Of primary contemporary interest in God of Gods is the depiction by a white settler of an Indigenous culture. Wright notes that the play’s setting may well have been inspired by the Syilx (Okanagan) people. She bases her understanding on the Okanagan First Peoples project and cites, for example, the Syilx Nation’s beliefs that memory is preserved in their material and spiritual culture. Rocks, the earth, and all that inhabits it are a singular entity, and life is created and sustained by the coming together of all elements and inhabitants. However, Wright also acknowledges the play’s “faux-native dialogue and reductive character portrayals.” As for the lack of geographical specificity, she perceives it as a feature of the play’s modernism, rather than a failure on the part of Aikins to achieve realism.

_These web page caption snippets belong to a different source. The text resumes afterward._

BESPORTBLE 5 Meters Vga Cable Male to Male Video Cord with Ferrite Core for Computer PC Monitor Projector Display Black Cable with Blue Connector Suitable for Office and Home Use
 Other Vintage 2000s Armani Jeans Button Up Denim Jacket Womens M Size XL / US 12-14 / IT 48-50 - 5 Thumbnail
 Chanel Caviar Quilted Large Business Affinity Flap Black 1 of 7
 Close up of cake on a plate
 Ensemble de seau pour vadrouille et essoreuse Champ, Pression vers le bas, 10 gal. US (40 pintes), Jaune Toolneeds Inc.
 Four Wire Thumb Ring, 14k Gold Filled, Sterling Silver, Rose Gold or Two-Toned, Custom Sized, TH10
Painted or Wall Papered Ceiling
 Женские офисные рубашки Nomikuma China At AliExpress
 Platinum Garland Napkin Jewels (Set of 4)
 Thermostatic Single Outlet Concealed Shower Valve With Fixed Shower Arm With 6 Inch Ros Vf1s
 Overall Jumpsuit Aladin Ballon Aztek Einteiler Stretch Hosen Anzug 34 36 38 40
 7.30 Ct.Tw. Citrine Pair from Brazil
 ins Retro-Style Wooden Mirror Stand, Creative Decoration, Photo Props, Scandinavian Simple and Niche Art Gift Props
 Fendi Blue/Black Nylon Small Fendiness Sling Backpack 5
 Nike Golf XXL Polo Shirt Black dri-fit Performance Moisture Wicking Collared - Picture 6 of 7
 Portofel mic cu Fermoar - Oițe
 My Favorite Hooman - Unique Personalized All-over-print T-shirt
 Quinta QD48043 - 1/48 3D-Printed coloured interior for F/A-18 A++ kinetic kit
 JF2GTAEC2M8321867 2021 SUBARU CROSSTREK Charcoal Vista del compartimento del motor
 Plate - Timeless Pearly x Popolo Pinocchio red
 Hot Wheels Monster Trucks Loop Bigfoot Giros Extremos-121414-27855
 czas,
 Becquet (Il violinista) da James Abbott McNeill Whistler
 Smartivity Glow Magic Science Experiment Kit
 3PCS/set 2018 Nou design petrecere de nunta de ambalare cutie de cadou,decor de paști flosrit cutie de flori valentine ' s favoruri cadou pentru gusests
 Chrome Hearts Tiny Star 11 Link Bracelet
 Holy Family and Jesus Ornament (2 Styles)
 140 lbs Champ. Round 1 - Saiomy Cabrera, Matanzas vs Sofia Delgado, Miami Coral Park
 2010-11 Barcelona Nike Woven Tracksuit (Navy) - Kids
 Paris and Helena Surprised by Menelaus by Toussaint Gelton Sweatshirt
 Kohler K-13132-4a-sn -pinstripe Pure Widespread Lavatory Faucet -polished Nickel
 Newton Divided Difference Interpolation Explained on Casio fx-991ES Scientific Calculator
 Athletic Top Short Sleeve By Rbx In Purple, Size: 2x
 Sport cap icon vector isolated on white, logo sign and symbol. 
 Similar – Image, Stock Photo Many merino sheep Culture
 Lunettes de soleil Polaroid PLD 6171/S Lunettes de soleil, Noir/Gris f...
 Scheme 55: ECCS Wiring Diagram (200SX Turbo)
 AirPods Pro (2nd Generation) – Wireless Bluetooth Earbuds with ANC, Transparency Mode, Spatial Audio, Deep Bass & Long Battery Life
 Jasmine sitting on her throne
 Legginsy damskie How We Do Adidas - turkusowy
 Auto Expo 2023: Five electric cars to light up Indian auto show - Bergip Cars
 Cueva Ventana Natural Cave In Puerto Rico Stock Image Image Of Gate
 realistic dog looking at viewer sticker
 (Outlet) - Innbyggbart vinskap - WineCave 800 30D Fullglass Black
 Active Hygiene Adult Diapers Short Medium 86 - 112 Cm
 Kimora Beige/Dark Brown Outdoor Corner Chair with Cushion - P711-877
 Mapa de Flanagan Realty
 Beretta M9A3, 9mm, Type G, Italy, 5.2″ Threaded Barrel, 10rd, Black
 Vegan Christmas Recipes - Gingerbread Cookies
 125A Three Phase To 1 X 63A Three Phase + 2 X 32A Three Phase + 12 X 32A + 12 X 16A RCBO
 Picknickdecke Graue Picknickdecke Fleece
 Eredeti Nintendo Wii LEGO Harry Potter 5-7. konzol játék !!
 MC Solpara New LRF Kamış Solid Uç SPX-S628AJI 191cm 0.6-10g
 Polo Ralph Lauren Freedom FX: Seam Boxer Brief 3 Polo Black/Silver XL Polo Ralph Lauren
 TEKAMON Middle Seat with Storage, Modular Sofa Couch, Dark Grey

In this vein, the production history and reviewer responses to The God of Gods are worth mentioning. The play’s premier at the Birmingham Repertory Theatre in 1919 was followed by a Hart House production in the 1921-22 season and, almost a decade later, a run at London’s Everyman Theatre. Reviewers variously read the play as realist and modernist, with Canadian reviewers (whether of the Canadian or British productions) tending to be more questioning of the “authenticity” of both the Canadian and Aboriginal setting, and reviewers of the initial production most accepting. Wright is thoroughgoing in her reconstruction and examination of each production.

Naramata road signs

Theatre and cultural historians would find this edition worth digging into, and its comprehensiveness makes it tailor-made for the classroom, particularly a graduate course in Canadian or British Columbian theatre or literature. Those with a focus on place-based or rural studies, comparative audience reception, depiction of Indigenous cultures by settlers, and issues of cultural appropriation (among others), will also find much food for thought here.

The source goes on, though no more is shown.